Saturday saw us at Barnes’ Red Lion as a stomach-lining stop-off for the brothers, Pigsy and Sniffer, the latter of whom had snared four tickets for the France game. My ticket was a bag full of goods both brewed and baked, the plan to get par-boiled here, fall asleep infront of the game round the corner chez cousins, and then reconvene with the boys after the match. Went like fucking clockwork. Not forty minutes after the final whistle were we together in the parlour sipping Vampire Blues, a cocktail recipe The Hough recently smuggled out from lower east-side lounge, Death & Co.

But to lunch. It’s funny, for all this is a sturdily assembled, genuinely homely pub, to me there’s something rather too formulaic about it. As it’s a tied Fuller’s house this might well be stating the obvious and, although I’m well aware there are those in this category that enjoy a very decent reputation for food, this always limits my expectations in regard to the level of quality I’ll get. Also, prudish though it may sound, the degree to which the place was populated by such a mixed and family-orientated social demographic, rather than speaking in terms of an evident and worthy balance to the offer here, lent it an indescribable sense of the so-so. In terms of tucker, that is, the beer is as well kept as it might be.

Four out of five of us chose what would be the first of a brace of burgers (£9) I’d enjoy over the course of the weekend, Big Bentz going for sausage and mash. My patty was nice and pink, however the untidy, uneven distribution of items on the plate meant that there wasn’t too much here to write home about. The table in the front window is a beauty, though, and the staff polite and eager to sweep it of debris after we re-located there.

Sunday’s Carling Cup final witnessed a coming-together of Danes not seen since a destructive seasonal celebration back at the start of December, among them a number of adopted Arsenal fans. Having had his initial telephone enquiries ‘pied’, Pigsy went down to The Dean Swift on Sunday morning not only to straighten out a short-notice reservation for 14, but to stipulate precisely which fucking table he wanted and ensure the best possible vantage point of the flat-screen. Needless to say he got it.

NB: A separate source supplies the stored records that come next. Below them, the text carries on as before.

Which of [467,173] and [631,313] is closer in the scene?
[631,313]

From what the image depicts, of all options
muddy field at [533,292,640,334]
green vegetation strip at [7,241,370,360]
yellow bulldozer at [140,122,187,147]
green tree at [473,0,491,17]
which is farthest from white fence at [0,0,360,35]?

Front-of-house were somewhat up it against today, an Assistant Manager apparently having pulled a sickie, and one or two of the kind of oversights easy to make on orders of this size were perhaps to be expected. Mind you, our table was visited enough times by our jovial but understandably harassed server that we might reasonably have expected the more obvious remnants of its previous occupants to have been dealt with long before they were. I mean to say, a quick wipe wouldn’t have hurt.

Appetisers consisting of an especially pokey Piri-Piri chicken and Calamari were hoovered up before the widely ordered burgers arrived. Mine was delivered rare rather than medium rare but, in a happy twist of fate, was infinitely better for it. Hearty and juicy and desperately bad for you, this must be how happy Elvis had felt in the days before he took it upon himself to start bastardising his meat sandwiches with peanut butter. Delicious. Helping it down were a procession of pints of Oakham White Dwarf (4.3%), interspersed by a sharpening Punk IPA, some experimental Kernel coffee beer, and a couple of Brooklyn EPA’s (6.9% and really, really splendid).

After the result had gone against form, the majority of the party – well, everybody except me – drifted off, and my ‘one for the road’ evolved into a ‘half-dozen for the pub quiz’. I came second last, although can’t help but feel I might have been handicapped, not only by the assholes marking my paper who tried to deduct points for there being more than four people in my one man ‘team’ (?!), but by the Breconshire Pale (3.7%). In an effort to show willing ahead of St David’s Day, I might, just might, have inadvertently written some of my answers in Welsh.

Iechyd da, y’all. In like a lion, out like a lion.